The Evive Plan Choice team just wrapped up a few months of discovery work. Now just what does this mean? Discovery work is where we pursue activities that help us deeply understand user behavior. It’s a critical stage in product design to ensure the solution is meeting the needs of the users, and to prove or disprove any assumptions about the experience.
In this case, we were doing discovery work for our open-enrollment support product, Evive Plan Choice. The purpose was to glean insights that will guide changes to the product over time. It was part of a big-picture approach to user testing across products in a variety of ways, as we did last year with Evive 360 through empathy interviews.
When it came to Evive Plan Choice discovery work, we broke it up into a few different areas:
On the heels of the 2019-2020 open enrollment, we decided to interview 10 of our colleagues at Evive about their experience with open enrollment. Before jumping into those conversations, we created an interview guide to structure the questions in a way that led people to tell us stories, rather than just one-off answers. With permission granted from each interviewee, the discussions were recorded and transcribed so we could refer back to them in detail later. After all interviews were completed, we put together a rainbow report analysis of what we learned, pointing out the biggest trends.
Analyzing the user experience
Next, it was time to return to the users who did engage with Evive Plan Choice for their open enrollment. Our Data Science team began to pull as many relevant data points as possible from our user dashboard. This focused on what actions people were taking (or not taking) as they used Evive Plan Choice.

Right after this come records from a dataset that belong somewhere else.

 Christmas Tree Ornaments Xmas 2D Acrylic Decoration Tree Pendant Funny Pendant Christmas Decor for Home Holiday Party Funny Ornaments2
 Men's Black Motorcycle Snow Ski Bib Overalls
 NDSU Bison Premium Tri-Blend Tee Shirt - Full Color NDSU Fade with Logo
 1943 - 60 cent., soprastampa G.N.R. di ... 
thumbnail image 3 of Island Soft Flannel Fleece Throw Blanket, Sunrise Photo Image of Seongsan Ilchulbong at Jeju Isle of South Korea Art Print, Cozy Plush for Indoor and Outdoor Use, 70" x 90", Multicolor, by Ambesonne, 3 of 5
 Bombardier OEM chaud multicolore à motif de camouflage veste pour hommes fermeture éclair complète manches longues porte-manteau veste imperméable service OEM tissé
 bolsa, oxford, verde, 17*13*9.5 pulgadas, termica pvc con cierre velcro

These statistics helped us identify the most challenging areas of the product and opportunities for improvement that we needed to focus on. It was helpful to compare those points of interest with the challenges shared with us in the one-on-one interviews with Evivers. Coupling these learnings together empowers us to make smarter decisions in future product design.
Categorizing the data
Using both the quantitative and qualitative data that we gathered, our team wrote “How might we” statements. These are statements that capture the more critical problems and opportunities that Evive Plan Choice can solve—for example, “How might we give people confidence in their HSA contribution amount?” Or, “How might we understand why a user says ‘other’ when selecting the reason for choosing the plan they chose?” We prioritized these statements, based on user impact and value.

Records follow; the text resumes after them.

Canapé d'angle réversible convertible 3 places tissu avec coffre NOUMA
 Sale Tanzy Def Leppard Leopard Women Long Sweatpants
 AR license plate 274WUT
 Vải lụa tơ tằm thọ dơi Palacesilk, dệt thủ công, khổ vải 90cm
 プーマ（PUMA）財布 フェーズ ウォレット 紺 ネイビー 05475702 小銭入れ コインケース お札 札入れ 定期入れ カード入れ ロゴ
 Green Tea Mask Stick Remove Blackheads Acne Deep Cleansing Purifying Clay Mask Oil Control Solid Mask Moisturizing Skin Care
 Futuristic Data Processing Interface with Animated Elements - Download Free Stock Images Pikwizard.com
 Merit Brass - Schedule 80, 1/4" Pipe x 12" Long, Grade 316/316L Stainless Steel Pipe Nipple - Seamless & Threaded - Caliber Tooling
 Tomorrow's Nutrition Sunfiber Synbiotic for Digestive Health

Following that, the entire Evive Plan Choice team took part in an in-depth affinity clustering exercise. This allowed us to ideate on the “How might we” statements and bucket them into important themes.
Takeaways + next steps
Of course, what’s the purpose of discovery work if not to apply it to product development? That’s a key priority for us: We’re building enhancements to the product, in small chunks, based on what we’ve deemed most impactful to the user.
It’s worth noting that none of these activities are meant to be one-time occurrences. This round of discovery work was simply one example of how we practice pillars of The Evive Way—to embrace curiosity and learn continuously. We will continue to build on these approaches and apply them to our product, always keeping the goal in mind of creating a better open-enrollment experience for all.